Do you have several employees with salaries approaching or breaching the six-figure mark and carry service contracts on your hardware assets? Consider stepping-up those service contracts to full 24×7, 2-hour response, on-site versions and dumping some of those chatty, annoying, vacation-taking, sick day scamming, office supply stealing leeches from your budget. Yes, I remember what I wrote in Are You Preserving Your Most Valuable Data Center Asset?, and I ask that you read on before you judge me too harshly.

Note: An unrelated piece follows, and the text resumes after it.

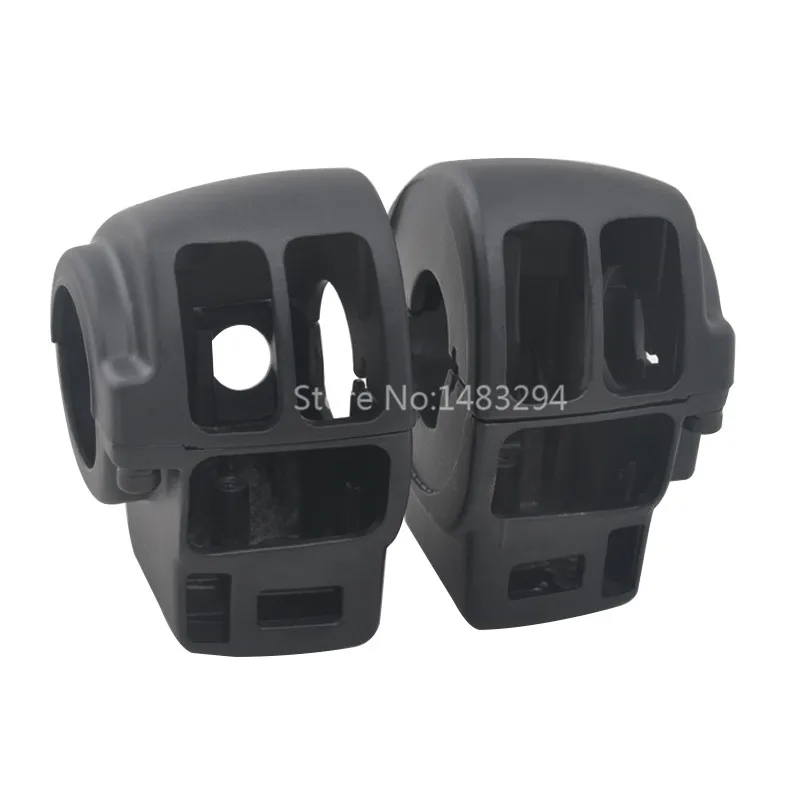 Черный чехол с переключателем для Harley Touring Electra Glide Ultra 1996 2013 2 шт.|for harley|case forcase case |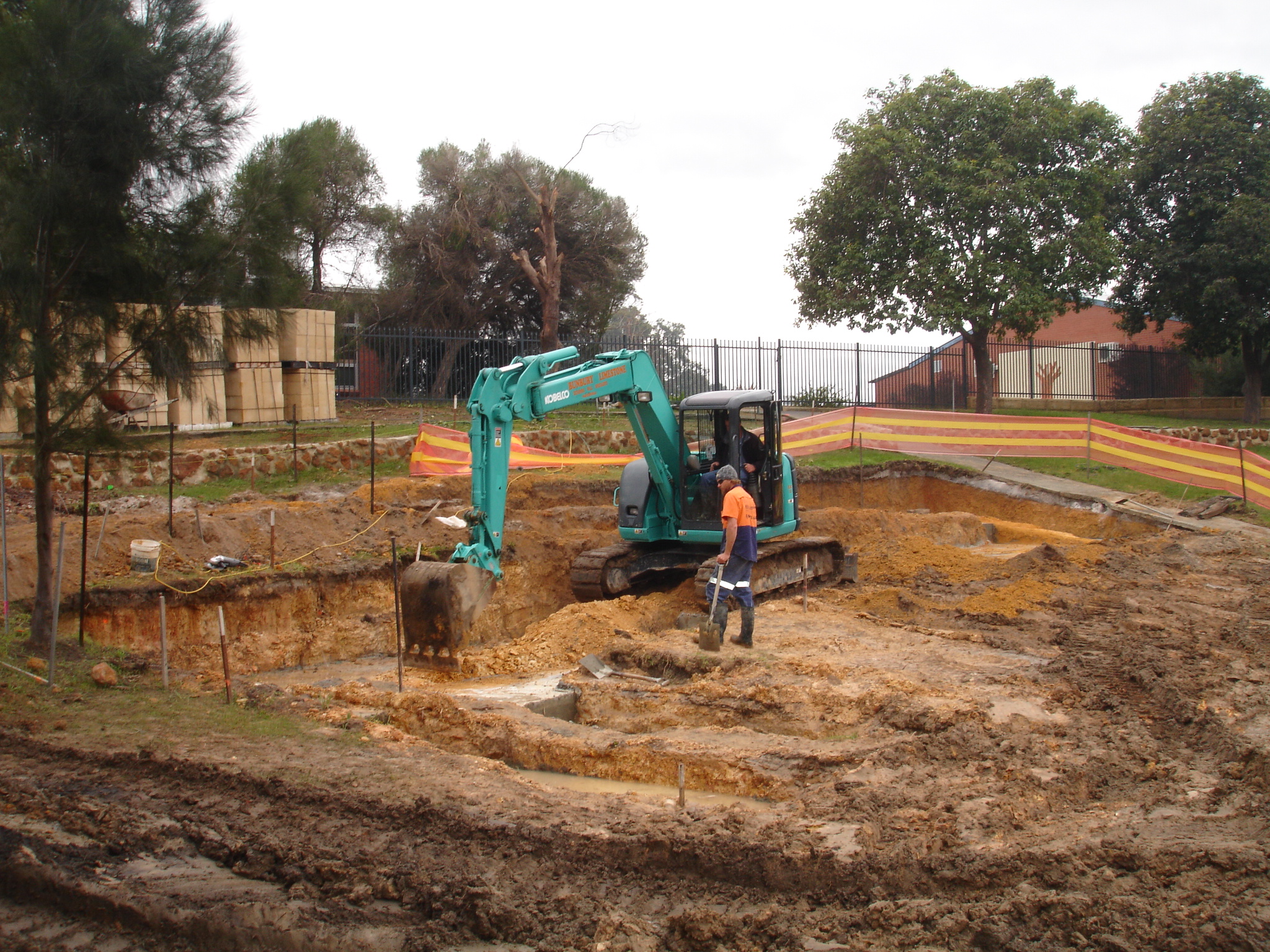 Site Works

Employees are expensive to pay, costly to train and require a larger investment to retain long-term. Alternatively, service contracts are inexpensive and provide you with peace of mind that your mission-critical applications and hardware are on someone’s radar 24 hours a day, 7 days a week without all the negative aspects of employees. A typical mission-critical (24×7, 2-hour response) service contract costs from $80 to $150 per system per month. At first glance, this sounds like a lot of money, but to justify the costs, you should calculate the amount of money potentially lost during a downtime incident.
Even for internal use only systems, downtime carries a heavy financial burden. Every person on your payroll affected by the downtime costs you money. Their salaries, multiplied by the length of the outage, provide you with an estimate of that loss. If their time is billable to a project or customer, you’re losing that revenue as well. It doesn’t take long to see that $1,800 per year is a good investment for more than just peace of mind; it makes good business sense. For e-commerce or customer portal systems, downtime dollars easily skyrocket into the hundreds of thousands per hour or minute.
Additionally, having your employees tear into a system that’s under warranty voids the warranty putting you in an even sticker situation: Down with no warranty.
Now that you have all those reasons to rid yourself of the employee plague permanently, let me tell you how wrong it would be for you to do so. First, who’ll be there to handle those day-to-day tasks? A service contract doesn’t usually cover preventative maintenance, adding and removing user accounts, maintaining web pages, verifying backups, rebooting systems that need it, patching application software and I think you’re getting the picture. Second, you’ll also need someone around who knows enough to call support when something goes awry. Connecting to vendor support sounding like a 911 call will only frustrate you and the first-level support person on the other end of the phone. Unless you know enough about your systems to attempt some standard “fixes” on the phone with support, you’d better have an IT staff to take care of you during these emergency situations.
Service contracts might not save you the zillions of dollars you thought they would by replacing employees, but having service contracts is an opportunity to save something more valuable than money alone: Time. And time, as you well know, is money. When you figure the risks and costs of downtime due to hardware failure, ask yourself whether you can afford it. The answer for perceptive business people is no.
To answer the question, “Are service contracts better than employees?” No, they’re different, but they complement one another. One will never replace the other and frugal business owners know that employees empowered with service contracts protect the most valuable business asset of all: The Customer.